Bien vu. L'exigence intellectuelle, c'est trop fatigant. Et tous ceux qui se gargarisent d'enfin-dire-tout-haut-ce-que-tout-le-monde-pense-tout-bas sont déjà très fatigués. Mais pour d'autres motifs, hélas.

Anthropiques a dit…

"Sans vouloir faire parler le grand homme depuis sa dernière demeure, je ne peux m'empêcher de penser qu'il aurait sans doute lancer à l'époque actuelle quelques unes des critiques dont il avait le secret."

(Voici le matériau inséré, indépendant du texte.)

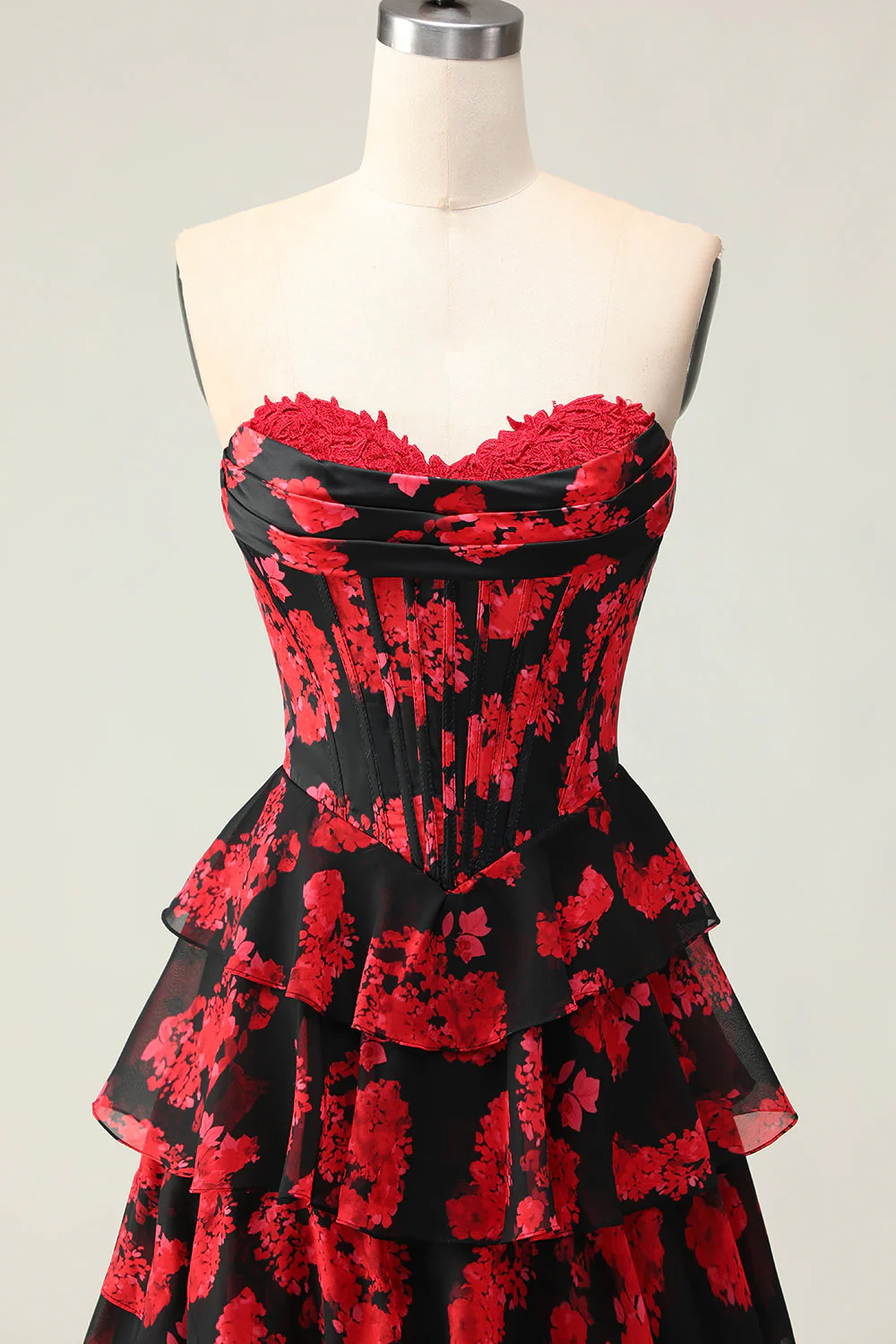 Black Red Flower A Line Sweetheart Corset Tiered Long Prom Dress with Slit - Image 4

Sans doute, mais reste à savoir à qui auraient été adressées ces critiques et quel aurait été leur contenu ! Max Weber a en effet toujours soutenu une politique de puissance de la nation allemande. L'idée nationale et plus particulièrement l'idée nationale allemande était pour lui le principe suprême de l'action politique. Il est resté toute sa vie favorable à une politique d'expansion impérialiste, idée qu'il exprimait d'ailleurs avec une certaine brutalité, même pour l'époque (voir sa leçon inaugurale de Fribourg en 1895 ou son texte sur la Bourse à la même époque). Son nationalisme, certes, n'avait rien d'antisémite ; ce n'était pas non plus un nationalisme mythique, à base ethnique ou linguistique (contrairement à celui de Herder) ; c'était celui d'un libéral-démocrate (Weber se sentait très proche des Cadets russes par exemple) ; mais ça ne faisait pas de lui un homme de gauche, ce qui choquerait sans doute bien des sociologues aujourd'hui pour lesquels il semble aller de soi que la sociologie est "de gauche" et doit aller "toujours plus loin" dans la défense d'une politique "de gauche".

PS. Si Weber a autant insisté sur ces oppositions (conviction vs.responsabilité, savant vs. politique), c'est parce qu'il en était lui même travaillé.

Capello a dit…

« Ait quoique ce soit à voir avec la responsabilité de la France quant à ses citoyens » ; « Quoiqu'il en soit » ; « n'y étaient pour rien dans quoique ce soit » : dans les trois cas, il faut écrire « quoi que », en deux mots. Autres fautes que j'ai pu remarquer : « je ne peux m'empêcher de penser qu'il aurait sans doute lancer », « ceux-ci n'étaient de toutes façons pas appliqué »… Lancé, appliqués.